Orthopedic Sports Medicine

Quality metrics should be followed and measured closely by physicians of all backgrounds and expertise, including sports medicine physicians. While there are certain quality metrics that can be commonly applied to all physicians, such as rate of infections, quality metrics for specifically sports medicine should also be closely measured. David Geier, MD, orthopedic surgeon and sports medicine specialist with Medical University of South Carolina in Charleston, shares four key considerations for measuring quality metrics in sports medicine.



1. Measure patients' rate of return to sports. One quality metric Dr. Geier says is hugely underutilized in the field of sports medicine is the patient's return to his or her respective sport. This metric is important, as it allows sports medicine physicians to study and measure the success rate at which they are able to help their patients get back to their sports at the same or higher level previous to the injury.

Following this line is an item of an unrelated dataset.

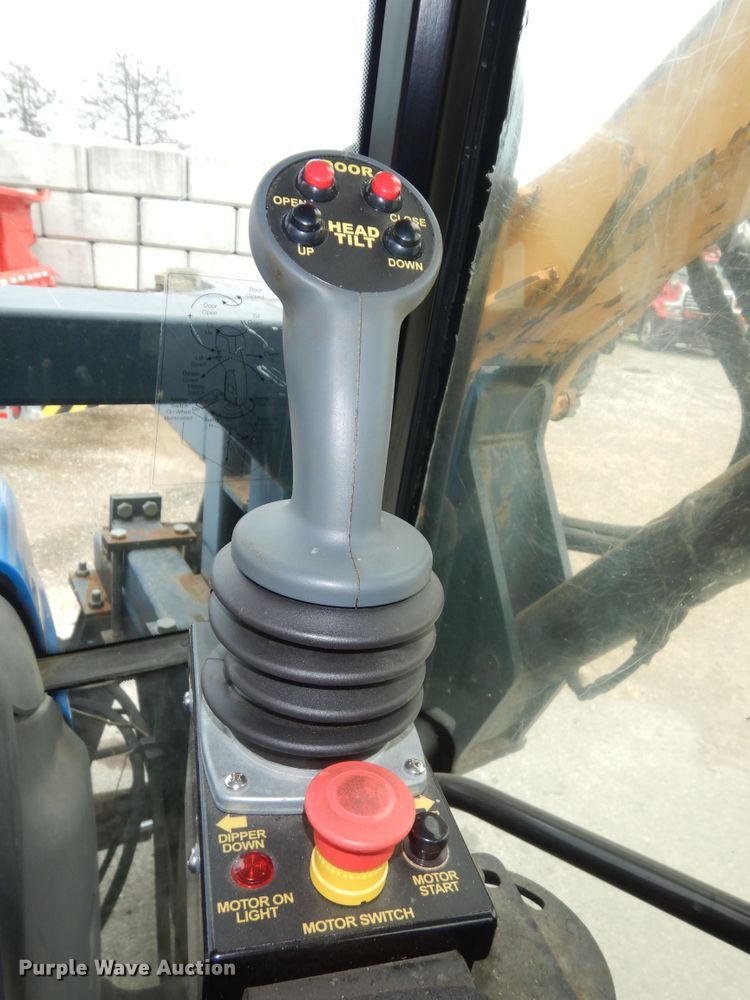 image for item DM3191 2002 New Holland TS110  tractor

"With the [return to sports] quality metric, sports physicians not only want to measure the rate at which patients get back to that sport or activity at the same or higher level but also how long it takes to help patients get there," Dr. Geier says. "Those are two huge metrics and are the basis for why sports medicine physicians get into this field of medicine and why patients go see a sports medicine physician."

2. Carefully consider how to follow patients post-surgery. Adequate quality measuring means physicians need to follow their patients post-surgery to measure a wide array of outcomes, including infections, complications and return to sports. Dr. Geier says how long sports medicine physicians choose to follow their patients for and the method of following them should depend on the sport, nature of the injury, the procedure and the patient.

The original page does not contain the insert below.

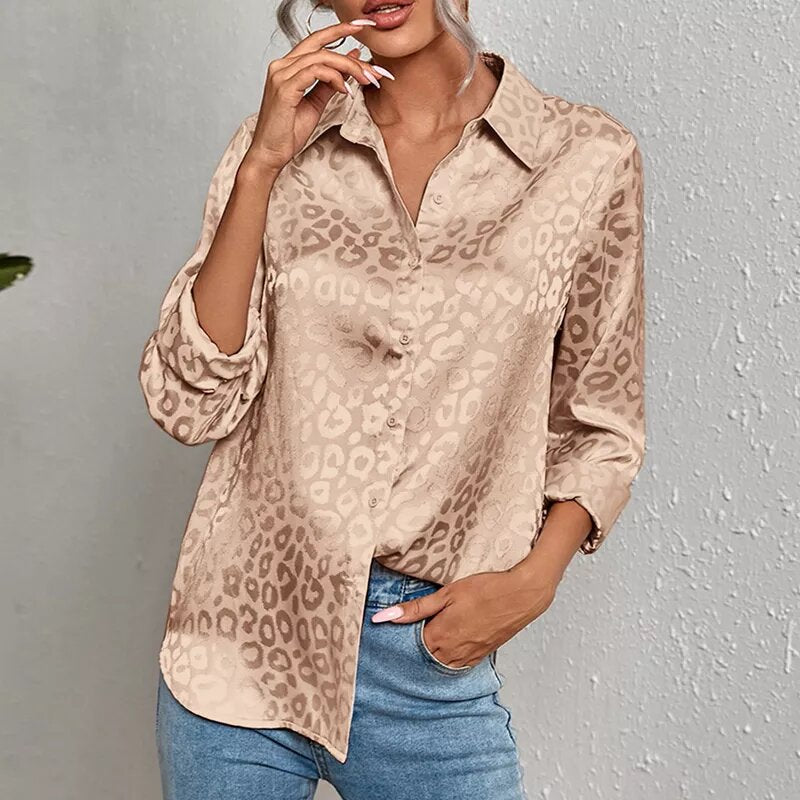 chemisier satin leopard beige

"Typically, what most sports medicine physicians do with surgical injuries is they follow their patients until they are cleared to play [their sports] and then the patients are responsible for calling their physician if they have any problems," he says. "There are some instances that require physicians to follow patients longer, such as kids who may not be done growing."

Sports medicine physicians can also rely on various tools to test how a patient's condition has improved or not improved over a certain period of time. "[For patients playing in team sports], there are muscle strength testing and functional drills sports medicine physicians can use, but that is entirely up to individual physicians," Dr. Geier says.

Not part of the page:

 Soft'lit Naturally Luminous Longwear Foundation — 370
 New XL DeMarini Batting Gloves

3. Outcomes scores should be stratified. Similarly to how sports medicine physicians should post-surgically follow patients on an individual basis, outcomes scores, as it relates to quality measures, should also be stratified based on the sport, nature of the injury and the surgery and the patient.

"The differences in outcomes may not even be related to individual patients," Dr. Geier says. "Some surgeries have quicker turnarounds, and some surgeries don't do as well as others. For example, meniscal repairs are one of those procedures that are very difficult and the outcomes are not necessarily linked to poor quality. It's simply the nature of the injury."

4. Failure rates are not necessarily indicative of quality. Failure rates are defined by the rate at which patients fail to return to play due to a failed procedure. Dr. Geier says failure rates occur at a certain percentage for many procedures, including joint replacement procedures. While these rates should be closely followed and measured, Dr. Geier says failure rates are often out of the hands of sports medicine physicians and can be difficult to bring down to zero.

"Some of these sports medicine injuries, even with the best technique, rehabilitation and most compliant patient, can still fail," he says. "Yes, a complication can occur during or after a surgery, but that does not inherently imply that it was due to the surgeon's technique or quality of care."

In the same example Dr. Geier previously shared, meniscal repairs' failure rate could be associated with a large body of medical literature indicating poor blood supply in the meniscus. However, it is largely out of the sports medicine physicians' control to reverse the poor blood supply in efforts to maximize the outcomes of the surgery.

"[Improving failure rates] is the nature of sports medicine and all of medicine in general," Dr. Geier says. "In this field, we are doing everything we can to improve those failure rates and fighting to find new ways to repair injuries, whether through injecting platelet rich plasma to augment those repairs or altering rehabilitative techniques."